SKŁADNIKI (na 24 rożki):
- 2 opakowania ciasta francuskiego
- 3 duże jabłka
- 1 łyżka mąki tortowej
- 3 łyżki cukru
- cynamon
- sok z połówki cytryny
- 1 jajko
- 2 łyżki wody
PRZYGOTOWANIE:
Jabłka obieramy ze skórki, wycinamy gniazda nasienne, kroimy w kostkę. Do pokrojonych jabłek dodajemy 3 łyżki cukru, mąkę, cynamon i sok wyciśnięty z połówki cytryny. Wszystko razem mieszamy.
Ciasto francuskie dzielimy na 12 kwadratów (z dwóch ciast wyjdą 24 rożki).
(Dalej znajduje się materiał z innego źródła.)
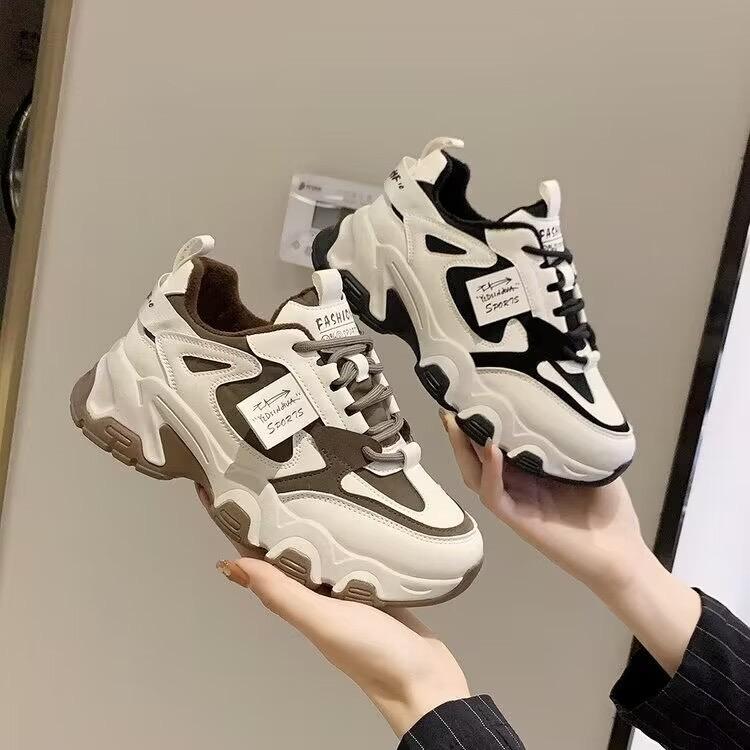 企萱鞋服集合店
Nakładamy po łyżce przygotowanych wcześniej jabłek na środek każdego kwadracika. Sklejamy przeciwległe rogi i dociskam widelcem. Układamy rożki na blaszce, nakłuwamy i smarujemy roztrzepanym z wodą jajkiem.
Pieczemy około 20 minut w 180 stopniach (termoobieg).
Wystudzone rogaliki można posypać cukrem pudrem. Ewentualnie można zrobić gęsty lukier i polać je. Na lukier potrzebujemy około 3/4 szklanki cukru pudru i kilka łyżek wody.